Her coach, Aaron Johnston, said Miller's run at the records this season won't change the program, but her impact on the team has been important.

"She's going to think about them a bit more, mainly because she's going to get asked about them a lot, probably to the point where it's going to drive her nuts," Johnston joked. "To me, they're kind of secondary and she would say the same thing. She's going to have a great season."

Coupled with her school record 1,921 points, Miller has scored more than 3,600 points between her Kernel and Jackrabbit careers. But Miller said her love for the game has only sustained.

She credits the game being "in her blood line," of course. Miller's father, Alan, scored more than 2,900 points at Dakota Wesleyan University, while Miller's brothers Jordan and Jade each played college basketball. Macy's cousin is Mike Miller, South Dakota's most famous basketball star, who played 17 years in the NBA.

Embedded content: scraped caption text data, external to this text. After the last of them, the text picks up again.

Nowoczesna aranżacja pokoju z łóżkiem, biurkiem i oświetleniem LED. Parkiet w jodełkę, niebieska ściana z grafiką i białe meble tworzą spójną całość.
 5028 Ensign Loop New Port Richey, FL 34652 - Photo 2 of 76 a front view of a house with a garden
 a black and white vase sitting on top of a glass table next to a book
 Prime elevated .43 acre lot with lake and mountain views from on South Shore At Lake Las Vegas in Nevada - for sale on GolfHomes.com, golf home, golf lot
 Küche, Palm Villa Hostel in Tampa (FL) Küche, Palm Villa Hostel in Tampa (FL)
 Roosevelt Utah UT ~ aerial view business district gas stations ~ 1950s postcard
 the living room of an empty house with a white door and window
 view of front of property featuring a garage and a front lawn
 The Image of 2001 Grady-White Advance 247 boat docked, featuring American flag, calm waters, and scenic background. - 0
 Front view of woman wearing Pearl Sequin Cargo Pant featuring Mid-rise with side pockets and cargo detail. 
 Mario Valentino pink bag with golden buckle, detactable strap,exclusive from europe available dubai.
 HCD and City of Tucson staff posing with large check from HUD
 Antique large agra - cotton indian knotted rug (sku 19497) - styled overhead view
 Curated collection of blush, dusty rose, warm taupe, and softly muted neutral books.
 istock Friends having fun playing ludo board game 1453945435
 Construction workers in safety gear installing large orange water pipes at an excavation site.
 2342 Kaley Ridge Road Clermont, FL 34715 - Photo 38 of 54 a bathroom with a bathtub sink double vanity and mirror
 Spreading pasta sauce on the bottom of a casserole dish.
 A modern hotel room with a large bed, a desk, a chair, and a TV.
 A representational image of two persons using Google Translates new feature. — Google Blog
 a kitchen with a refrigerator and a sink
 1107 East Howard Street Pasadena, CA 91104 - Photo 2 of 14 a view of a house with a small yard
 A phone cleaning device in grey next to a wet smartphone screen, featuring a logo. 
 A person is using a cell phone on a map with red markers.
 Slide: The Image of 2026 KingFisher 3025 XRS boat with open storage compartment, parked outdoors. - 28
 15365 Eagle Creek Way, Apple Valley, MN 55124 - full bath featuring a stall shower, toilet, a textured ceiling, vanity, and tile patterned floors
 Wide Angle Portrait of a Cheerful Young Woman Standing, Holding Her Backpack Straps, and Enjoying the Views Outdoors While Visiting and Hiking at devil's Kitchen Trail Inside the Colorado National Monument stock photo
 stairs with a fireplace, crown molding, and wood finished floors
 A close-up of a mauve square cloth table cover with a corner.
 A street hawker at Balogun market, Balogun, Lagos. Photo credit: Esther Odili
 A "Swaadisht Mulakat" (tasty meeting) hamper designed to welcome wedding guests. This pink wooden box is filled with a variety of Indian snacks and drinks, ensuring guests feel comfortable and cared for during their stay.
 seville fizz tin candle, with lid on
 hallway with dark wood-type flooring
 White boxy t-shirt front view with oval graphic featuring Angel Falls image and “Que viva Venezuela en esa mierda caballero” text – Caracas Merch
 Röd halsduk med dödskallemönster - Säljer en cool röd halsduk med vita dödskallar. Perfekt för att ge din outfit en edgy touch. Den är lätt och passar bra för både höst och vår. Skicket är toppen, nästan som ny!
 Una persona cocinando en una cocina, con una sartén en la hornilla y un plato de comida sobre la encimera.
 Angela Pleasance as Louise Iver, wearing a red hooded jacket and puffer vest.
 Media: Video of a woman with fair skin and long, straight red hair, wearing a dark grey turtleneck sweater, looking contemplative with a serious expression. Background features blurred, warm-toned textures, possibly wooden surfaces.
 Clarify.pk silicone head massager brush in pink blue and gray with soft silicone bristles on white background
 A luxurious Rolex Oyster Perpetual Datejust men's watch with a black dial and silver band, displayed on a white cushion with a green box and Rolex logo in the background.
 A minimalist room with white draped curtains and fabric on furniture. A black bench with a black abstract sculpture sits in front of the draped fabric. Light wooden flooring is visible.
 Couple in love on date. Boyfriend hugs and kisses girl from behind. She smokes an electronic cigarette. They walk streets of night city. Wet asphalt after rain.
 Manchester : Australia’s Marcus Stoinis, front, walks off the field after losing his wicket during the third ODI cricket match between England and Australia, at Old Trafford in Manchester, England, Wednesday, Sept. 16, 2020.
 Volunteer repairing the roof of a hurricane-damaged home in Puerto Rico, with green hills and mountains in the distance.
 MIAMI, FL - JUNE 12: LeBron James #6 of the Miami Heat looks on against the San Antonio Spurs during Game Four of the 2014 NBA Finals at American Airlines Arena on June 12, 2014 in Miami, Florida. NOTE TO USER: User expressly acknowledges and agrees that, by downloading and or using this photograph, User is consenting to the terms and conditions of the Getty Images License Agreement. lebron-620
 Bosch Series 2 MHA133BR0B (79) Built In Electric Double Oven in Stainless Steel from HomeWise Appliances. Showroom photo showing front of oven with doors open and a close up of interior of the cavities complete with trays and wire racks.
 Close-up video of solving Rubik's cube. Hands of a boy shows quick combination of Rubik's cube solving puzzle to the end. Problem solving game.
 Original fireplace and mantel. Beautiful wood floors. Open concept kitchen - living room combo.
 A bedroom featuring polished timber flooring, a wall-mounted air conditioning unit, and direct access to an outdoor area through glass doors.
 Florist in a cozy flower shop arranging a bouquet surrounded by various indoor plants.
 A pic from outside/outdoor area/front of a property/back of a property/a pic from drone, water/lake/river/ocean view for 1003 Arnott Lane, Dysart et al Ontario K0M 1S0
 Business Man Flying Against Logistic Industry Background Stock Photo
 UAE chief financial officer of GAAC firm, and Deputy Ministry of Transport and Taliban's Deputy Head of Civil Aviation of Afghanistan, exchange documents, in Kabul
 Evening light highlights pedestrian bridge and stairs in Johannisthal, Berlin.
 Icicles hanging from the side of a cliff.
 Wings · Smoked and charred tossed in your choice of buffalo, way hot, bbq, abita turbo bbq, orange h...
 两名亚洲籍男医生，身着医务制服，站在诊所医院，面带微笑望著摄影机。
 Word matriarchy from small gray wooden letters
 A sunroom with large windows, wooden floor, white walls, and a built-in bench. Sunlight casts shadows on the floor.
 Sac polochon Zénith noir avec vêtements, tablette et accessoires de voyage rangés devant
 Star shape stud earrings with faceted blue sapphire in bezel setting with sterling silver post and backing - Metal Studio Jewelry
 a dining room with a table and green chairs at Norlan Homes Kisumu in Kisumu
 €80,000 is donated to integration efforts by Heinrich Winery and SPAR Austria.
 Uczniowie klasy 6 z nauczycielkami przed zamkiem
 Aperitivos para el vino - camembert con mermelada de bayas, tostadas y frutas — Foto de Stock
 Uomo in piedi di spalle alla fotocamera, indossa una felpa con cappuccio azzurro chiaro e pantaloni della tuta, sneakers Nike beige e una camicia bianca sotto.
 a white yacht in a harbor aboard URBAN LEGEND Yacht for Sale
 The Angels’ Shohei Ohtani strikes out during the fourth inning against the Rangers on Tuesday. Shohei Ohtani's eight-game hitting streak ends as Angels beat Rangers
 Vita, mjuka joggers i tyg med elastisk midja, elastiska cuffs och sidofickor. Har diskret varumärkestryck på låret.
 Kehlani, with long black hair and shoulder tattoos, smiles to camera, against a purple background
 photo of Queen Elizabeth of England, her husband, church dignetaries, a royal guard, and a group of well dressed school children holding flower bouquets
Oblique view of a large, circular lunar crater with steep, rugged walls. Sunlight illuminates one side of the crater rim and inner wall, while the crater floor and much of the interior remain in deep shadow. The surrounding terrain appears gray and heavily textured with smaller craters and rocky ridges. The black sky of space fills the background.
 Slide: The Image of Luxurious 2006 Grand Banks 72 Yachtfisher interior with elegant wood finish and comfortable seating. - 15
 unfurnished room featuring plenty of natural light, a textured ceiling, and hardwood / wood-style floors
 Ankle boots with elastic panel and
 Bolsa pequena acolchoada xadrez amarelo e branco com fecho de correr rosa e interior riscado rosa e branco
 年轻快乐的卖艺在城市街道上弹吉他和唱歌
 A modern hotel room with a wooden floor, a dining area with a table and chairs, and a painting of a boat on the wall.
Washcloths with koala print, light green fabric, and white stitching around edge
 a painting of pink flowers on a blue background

"I'd say that's what's stuck with me, just a passion for the game and just how much I've enjoyed it through my younger years and high school and even college," she said. "Some people say don't do something that you don't love doing, I'd like to keep pursuing it after college, that's how much I like it."

Aside from the personal achievements, Miller made it clear she believes her Jackrabbits have more to accomplish. SDSU has won at least 23 games in each of her first four seasons but an overtime loss in the first round of the NCAA tournament to Villanova to end last season left a sour taste.

"It's really cool for our team to be up there and to be recognized in the No. 1 spot," Miller said of being the preseason favorite to win the Summit. "But the last few years, we've been in that No. 1 spot and we haven't performed like we've wanted to. This year, we want to live up to that and we have to keep pushing to be better."

As a senior, Miller said she's gotten much better at being a leader, and stepping out of her comfort zone to do so.

"It's hard when you want to be a quiet player, but from freshman year to now, I've taken big steps and I've been working hard to compliment teammates and even after practice and being around to say 'Hey, you need anything?' Just looking out for them and you just want to do what you can to help them. It's my senior year and people are looking up to you," she said.

Johnston credited Miller for her "really remarkable" ability to bounce back from a season-ending knee injury nine games in December 2016, noting Miller wasn't 100 percent healthy early in the 2017-18 campaign. He said he thinks Jackrabbit fans will notice the difference this year, where "she's a lot quicker and a lot more mobile." Miller played all 33 games and has started every game she's played in her career, 109 in all.

"She probably didn't have that confidence and strength until midway through the season and she really gutted it out for the first few months there," he said.

Johnston said he believes Miller has gotten more comfortable with an off-ball role in the Jacks' offense and become a much better passer. Miller said she's worked to improve her defense, which Johnston called "underrated."

"We can always be better, like AJ preaches," she said. "We know we're going to have ups and downs in games and you have to keep a level head. Things don't come easy and we know we're going to have a target on our backs and we just have to bring it every game and play hard."